05/ 25/ 2006
by Bill Dunkelberg
With half the year almost behind us, 2006 is looking good. Small businesses are doing their part to create new jobs. Strong growth in the output of goods and services has pushed up worker compensation. More than a quarter of small-business owners have raised wages and benefits. This is good news for workers, but it worries the Federal Reserve since labor costs account for 70 percent of business costs. If labor costs rise, pressure on prices will develop. Currently, about as many firms are raising selling prices as are raising worker compensation, essentially passing on the rising cost of labor to consumers. This is what the Fed doesn't want to see, and raising interest rates is its only tool to cool growth and relieve some pressure on prices and wages.
Understanding the price of gas
The economy is doing well despite a very high energy tax. We say "tax" because roughly every dollar increase in the price of a barrel of oil is like a $5 billion tax increase. The price of oil has increased by $40 a barrel recently, which is the equivalent of a $200 billion tax hike. In real terms, gas that costs $3 a gallon today is about as expensive as it was in the early 1980s. The average worker has to work the same number of hours today as he did in the 1980s to pay for 10 gallons of gas. At $75 a barrel, the oil cost of a gallon of gas is about $1.80. Add to that an average of 50 cents a gallon in taxes, and the cost increases to $2.30 a gallon before the oil is even delivered to a refinery, processed, blended and trucked to a gas station. Obviously, the real winners are the owners of oil. But the next big winner is the government, collecting $75 billion in revenue, far more than the oil companies that everyone complains about.
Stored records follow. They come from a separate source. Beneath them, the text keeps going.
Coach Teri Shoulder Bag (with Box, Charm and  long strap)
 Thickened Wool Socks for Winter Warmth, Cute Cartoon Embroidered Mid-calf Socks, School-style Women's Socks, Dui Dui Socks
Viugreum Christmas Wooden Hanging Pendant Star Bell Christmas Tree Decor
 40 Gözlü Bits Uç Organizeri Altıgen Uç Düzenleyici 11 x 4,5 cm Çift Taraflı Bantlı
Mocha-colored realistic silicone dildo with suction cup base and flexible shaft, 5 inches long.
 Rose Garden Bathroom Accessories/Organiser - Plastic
What's ahead for small business
Fortunately, our economy has changed a lot, and we're far less dependent on oil than we were 30 years ago. We use about half as much oil today per dollar of gross domestic product than we did in the 1970s. But GDP is very large and growing. Complicating the energy picture is the unusual strength of global growth—it seems like everyone is experiencing a growth spurt at the same time. This puts great pressure on oil supplies and refining capacity, and it takes a long time for new oil supplies to reach market and match demand. In the interim, prices rise. And with political uncertainty and lots of hedge-fund speculation, gas and oil are expensive. So, in the near term, rising energy and labor costs will be pressuring small-business owners. Small businesses will either have to pass on these costs in the form of higher prices or see their profit margins erode. Eventually this will smooth out, but it isn't going to happen overnight, so hire carefully and manage energy use.